TV has become exploitative and cruel, says Ofcom chair Michael Grade

Reality shows such as Love Island have dominated terrestrial TV ratings in recent years.
Reality shows such as Love Island have dominated terrestrial TV ratings in recent years. Photograph: ITV/REX/Shutterstock

Television has become more “exploitative and cruel”, according to Michael Grade, the chair of the broadcasting regulator, Ofcom.

“The exploitation dial has been switched up more and more for ratings,” said the peer and former chair of the BBC board. “It makes me mad. I really don’t like it or enjoy it.

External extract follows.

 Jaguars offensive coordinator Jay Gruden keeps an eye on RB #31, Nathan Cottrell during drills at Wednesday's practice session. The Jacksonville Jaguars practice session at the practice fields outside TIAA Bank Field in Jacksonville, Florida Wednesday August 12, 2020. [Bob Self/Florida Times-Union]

“Television has also become patronising in the sense of: ‘This will do for the audience.’ No mind at work behind it. No real craft thrown in. Just bread and circuses.”

In an interview to be broadcast on Boom Radio on 21 April, Lord Grade expresses concern that the public are increasingly being used as performers to entertain viewers.

Although he does not cite individual programmes, reality shows such as The Traitors, Love Island and Big Brother have attracted huge audiences and dominated terrestrial TV ratings in recent years.

“In the old days, professional ­entertainers used to entertain the public,” said Grade, who was the controller of BBC One in the mid-1980s, the chief executive of Channel 4 from 1988 to 1997 and the chair of ITV in the late 00s. “Now the public are entertaining themselves.”

The 81-year-old was made a Conservative peer in 2011 but is now a crossbencher after his appointment as Ofcom chair in 2022.

The regulator has come under increased pressure to investigate TV and radio broadcasts featuring MPs, particularly on GB News, which often employs Conservative MPs on its programmes, including Jacob Rees-Mogg and former deputy party chair Lee Anderson, now of Reform UK.

In the Boom Radio interview, Grade is pressed by presenter Jo Brand about the high number of complaints relating to GB News, but says he cannot comment as these are currently being investigated.

“However, we have to weigh up freedom of expression and the public’s right to know along with the need for balance and impartiality,” he said. “We also don’t want our broadcasters being owned and run for political reasons.”

Grade also laments the shrinking pots of money for traditional British broadcasters. He has previously argued that the BBC licence fee, which is now £169.50 a year, is “too high”, and in an interview with the Financial Times last year he described it as a “regressive tax” that meant he would pay no more than a “single mum with three kids in a rented room”.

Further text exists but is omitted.